Can you provide some background information about ENH?

Certainly. ENH is the state-owned enterprise that represents the government’s commercial interests in Mozambique’s oil and gas sector. We have a stake of between 10% and 25% or 30% in bidding processes, depending on negotiations. Our mandate extends along the value chain, and we act as aggregators for domestic gas and all hydrocarbons produced in Mozambique.

How will the upcoming gas developments change Mozambique’s economy?

The gas developments are expected to bring in more than US$50 billion, primarily from exports. This transformative influx of revenues will greatly impact the country’s fate, strengthening the government’s financial position and its ability to implement socioeconomic programs. Mozambique has a diversified economy, and the government intends to utilize these resources to bolster sectors such as agriculture, tourism, and transportation. Additionally, Mozambique’s strategic location as a gateway to land-locked countries like Malawi, Tanzania, and Zimbabwe positions it as a key player in Southern Africa.

How will Mozambique benefit from supplying LNG to premium markets and becoming a key player in Southern Africa?

Mozambique’s gas resources will not only cater to premium LNG markets like Japan, South Korea, and China but also establish the country as a significant player in Southern Africa. While Angola and Tanzania are also witnessing developments in the sector, Mozambique has a competitive advantage as a fast-mover in oil and gas. Despite the expected growth of renewable energies, oil and gas will continue to play a crucial role for at least the next four decades. Mozambique’s current developments will position it vis-à-vis its neighboring countries, as well as the islands in the Indian Ocean, enabling the country to offer services like bunkering for ships transitioning to LNG.

Did the sale of Anadarko affect the development of Area 1?

The agreement for the sale of Anadarko’s stake in Area 1 ensures that the commitments already made will be respected by the new operator. The project will continue as planned, with the financial closure expected next year.
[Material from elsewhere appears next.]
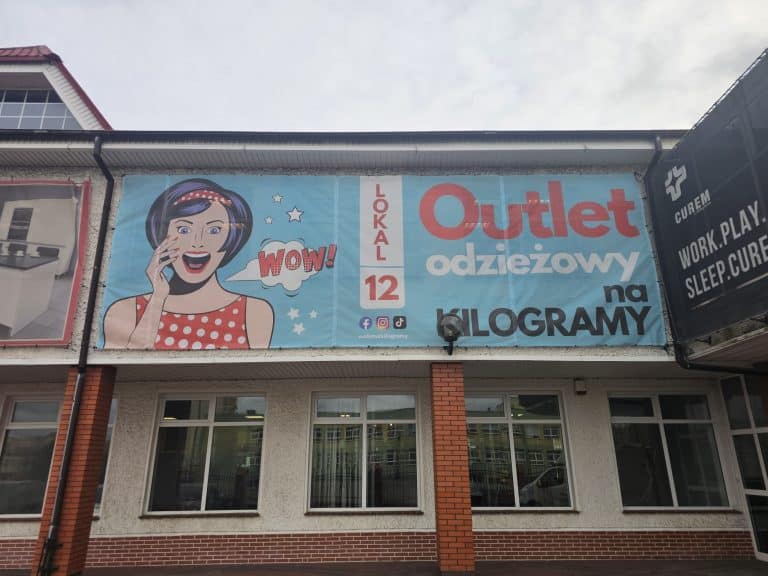 Markowa odzież na wagę w niespotykanych cenach? Tylko w Outlet Odzieżowy Olsztyn!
The entry of Total, a larger company with a better risk profile, is positive for Mozambique, as it attracts world-leading companies to invest and operate in the country.

What is the current status of the investment in Area 4?

We anticipate a light final investment decision (FID) in October, followed by a full-fledged FID by ExxonMobil in April 2020. ExxonMobil, the midstream operator, plans to build two large-scale trains with a capacity of 15.2 million tonnes per year. The project is progressing swiftly towards financial closure, positioning Mozambique as a major LNG exporter in the coming decade, with a production capacity of approximately 30 million tonnes per year.

How does ENH’s joint venture with Vitol contribute to these developments?

The joint venture, ENH Energy Trading, is strategically important for ENH as it allows us to connect the dots along the value chain. Vitol, a prominent independent trader based in Singapore, has an excellent track record and a strong presence in Africa. Through this partnership, ENH will gain valuable technology transfer and develop its trading segment. The concessions are on a build, operate, and transfer (BOT) basis, ensuring transparency and good governance between the upstream and trading company.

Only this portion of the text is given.